U.S. homebuilders, who import raw materials from the neighboring countries, are also likely to see an increase in costs from the new tariffs.

The PHLX Housing index, which has shed about 4.8% so far this year, edged lower on Tuesday.

Tariffs on finished products such as appliances, electronics, cabinets and fixtures from Mexico and China can further increase the cost of building a home, S&P Global said.

The building materials companies are experiencing some margin pressure from higher commodity, labor and freight costs and the new tariffs could further stress margins, it said.

AEROSPACE SUPPLIERS

Canada is the U.S.' top import country and third-largest export country for aerospace by dollar value, according to the Aerospace Industries Association.

The tariffs could raise costs for already-stressed suppliers and their planemaking customers such as Boeing. Shares of Boeing slumped 5%.

Canadian manufacturers also produce engines for General Dynamics' Gulfstream and Textron, as well as landing gear for Boeing and Airbus.

Mexico has fast-growing aerospace hubs in Queretaro and Chihuahua, attracting large suppliers, including Honeywell.

STEELMAKERS

Steel imports accounted for about 23% of U.S. steel consumption in 2023, according to American Iron and Steel Institute data, with Canada, Brazil and Mexico being the largest suppliers.

Canada, whose abundant hydropower resources aid its metal production, accounted for nearly 80% of U.S. primary aluminum imports in 2024.

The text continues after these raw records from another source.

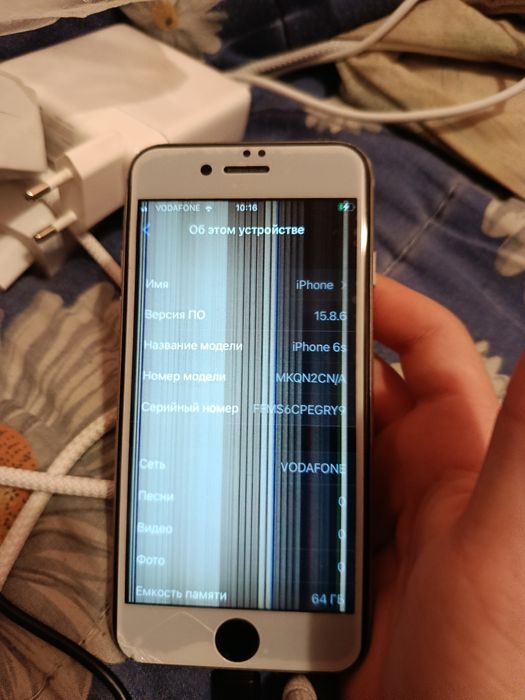 Iphone 6s без айклауда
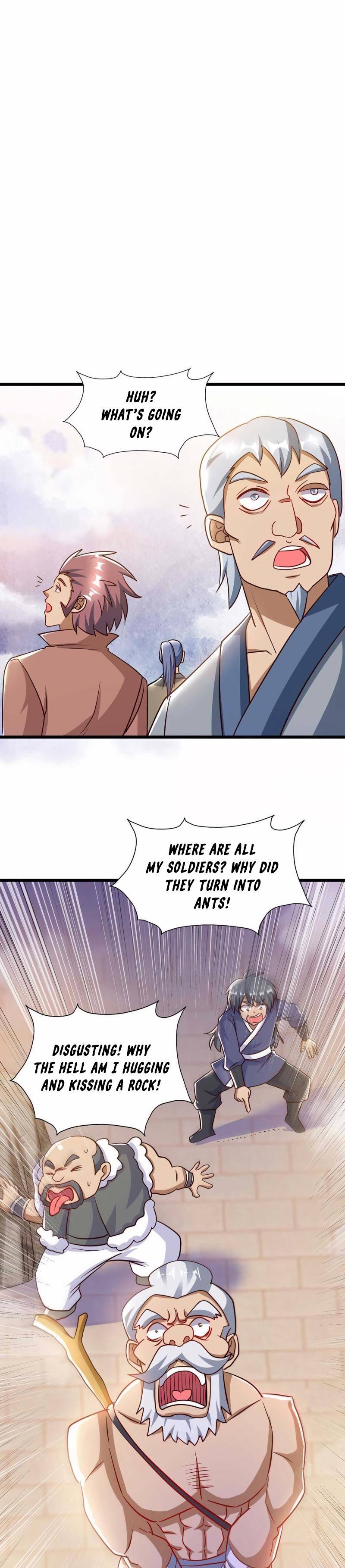 I Was Sealed 900 Million Times Chapter 35 - page 9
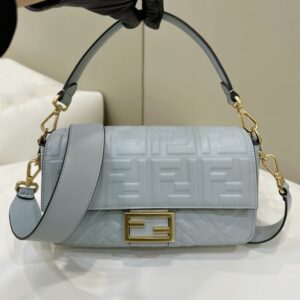 Replica Fendi Baguette Sky Blue - 1:1 designer replica handbag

Aluminum producer Alcoa said last month that Trump's plan to impose a tariff could cost about 100,000 U.S. jobs and would itself not be enough to entice it to boost production in the country. Its shares fell 1.4%

Shares of U.S. Steel, Nucor, Steel Dynamics and Cleveland-Cliffs slumped between 1% and 4%.

AIRLINES & HOTELS

Concerns over a U.S. slowdown slammed airline stocks, with the S&P Composite 1500 Passenger Airlines index declining 6% and heading for its worst day in more than a year.

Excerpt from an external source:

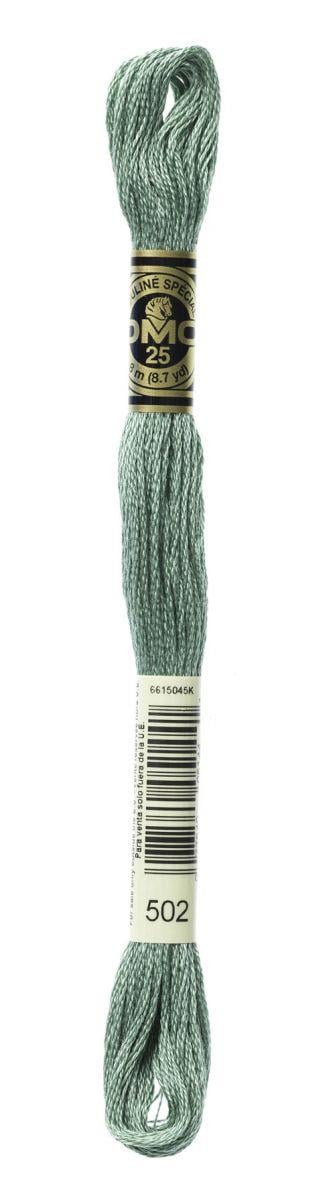 DMC Muline İp 502 Yeşil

Meanwhile, shares of U.S. hotel chains Hilton Worldwide , Marriott International and Hyatt Hotels fell between 0.5% and 1.6%.

"As retailers, other businesses warn their customers about higher prices from tariffs, there's a feeling that people will have less discretionary spending available for holidays and vacations," said Michael Ashley Schulman, chief investment officer at Running Point Capital.

"Similarly, businesses may also reduce corporate travel in order to help keep their expenses in check and maintain margins."